Caption-style text data

________________

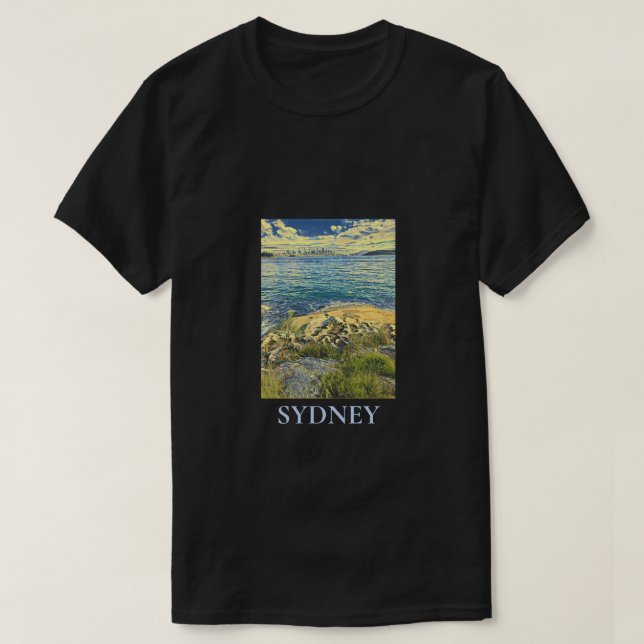 T-shirt L'art de voyage du port de Sydney (Design devant)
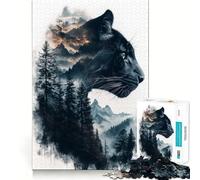 Puzzle per adulti 1000 pezzi Pantera Nera Montagna Doppia Esposizione Gioco di precisione,Gioco divertente che stimola la mente,Momento di relax,Arte per il tempo libero natalizio 38x26cm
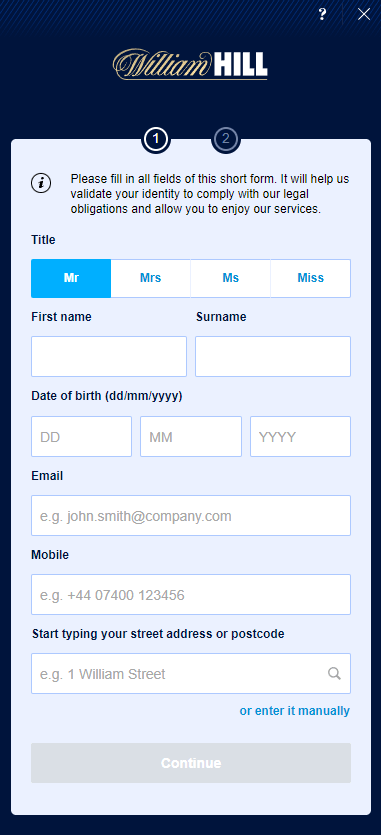 Visual Walkthrough: Registering at William Hill Casino Part 1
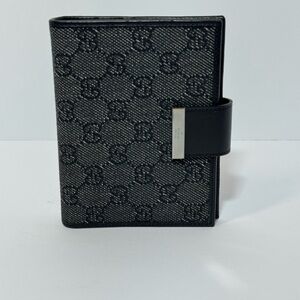Gucci Black Denim Monogram Agenda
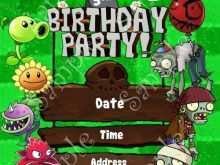 Plants Vs Zombies Birthday Invitation Template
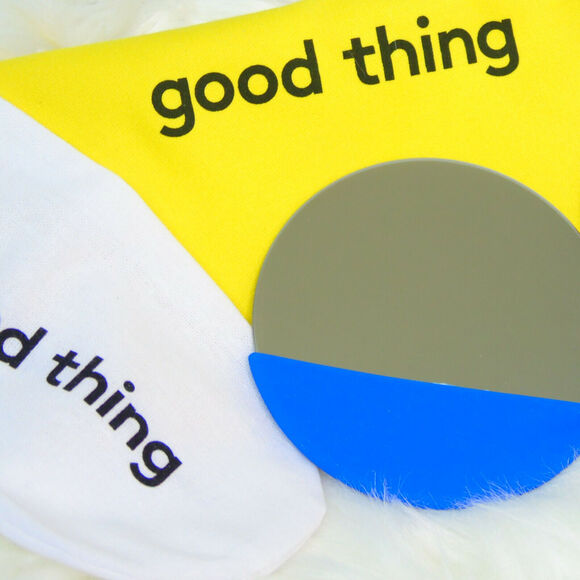 West Elm Mirror Compact Stainless Steel Blue Silicone Good Things 3" Round Box - Picture 2 of 7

________________

Activity: Please return only the lines from the top of the data through the line with "Plants Vs Zombies", exactly as written, and drop every picture.

The answer:
 T-shirt L'art de voyage du port de Sydney (Design devant)
 Puzzle per adulti 1000 pezzi Pantera Nera Montagna Doppia Esposizione Gioco di precisione,Gioco divertente che stimola la mente,Momento di relax,Arte per il tempo libero natalizio 38x26cm
 Visual Walkthrough: Registering at William Hill Casino Part 1
Gucci Black Denim Monogram Agenda
 Plants Vs Zombies Birthday Invitation Template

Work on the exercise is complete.